V thanked the bellhop and walked towards the desk navigating through flows of people. It was a busy time of day, families and couples were checking in and out as bellhops tried to keep up while directing the traffic and ferrying the luggage.
V found the shortest line and waited. After five minutes, he was at the desk, unsure of what he was going to say to the young soldier who stood in front of him. V caught himself. The young man wasn’t a soldier, even though he had epaulets on his shoulders and medals on his chest and a nice formal cap on his head. He was only an employee of the hotel like the bellhops and valets who were running around the lobby.
“Hello,” V said, still formulating a plan.
“May I help you, sir?”
V caught a glimpse of himself in the mirror behind the young soldier.

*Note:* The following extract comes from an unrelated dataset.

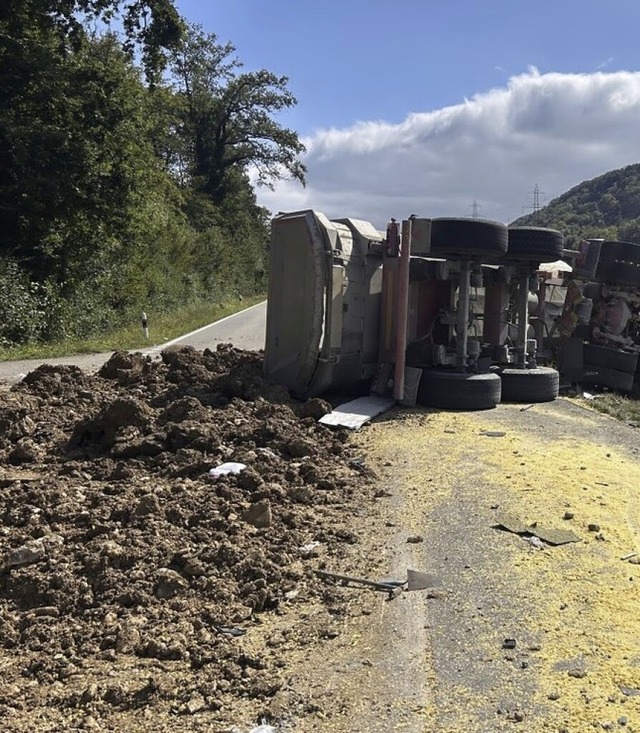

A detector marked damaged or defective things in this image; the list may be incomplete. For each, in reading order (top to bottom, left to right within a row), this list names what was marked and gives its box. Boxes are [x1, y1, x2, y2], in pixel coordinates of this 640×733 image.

It was a nice suit.
V’s eyes returned to the young man. “I would like a room.”
“Yes, sir. Do you have a reservation?”
“Yes.”
“Under what name?”
“Mersh.” V remembered the name on all of the trucks and all of the equipment at the worksite.

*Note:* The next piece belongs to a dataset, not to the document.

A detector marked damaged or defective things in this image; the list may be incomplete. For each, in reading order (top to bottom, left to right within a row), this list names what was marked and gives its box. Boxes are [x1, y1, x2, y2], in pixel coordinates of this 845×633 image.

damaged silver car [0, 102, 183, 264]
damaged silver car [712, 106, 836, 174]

“Yes, Mr. Mersh. I see you have several rooms on standby. How many rooms will you need for your stay this time?”
“One.”
“And how long will you be staying?”
“I’m not sure.”
“We’ll leave the dates open.”
“Yes, that would be nice.”
The young man handed a plastic card to V. The card was as shiny as the mirror behind the desk. “As you know you can use your key in any of the bars or restaurants on the grounds, it will go on your tab.”
“That is kind of you.” V said amused by the ease of it all.
“Do you have a bag?”
“No.” V was feeling giddy, he didn’t know why. He stood smiling, looking at the young clerk who stood smiling looking eagerly back at him. They had reached an impasse. “If there isn’t anything else, sir.” The clerk hesitantly said after quite some time.
“Oh yes, of course. Thank you.”
V walked away from the desk and stood under the large water fountain. Porpoises were spitting water or maybe they were dolphins. V searched his memory trying to remember the difference between the two. He couldn’t remember the difference. To him they were the same thing.
V didn’t go to his room. He didn’t need to sleep. He was enjoying the air conditioning of the lobby and he wanted to enjoy the air conditioning of the bar.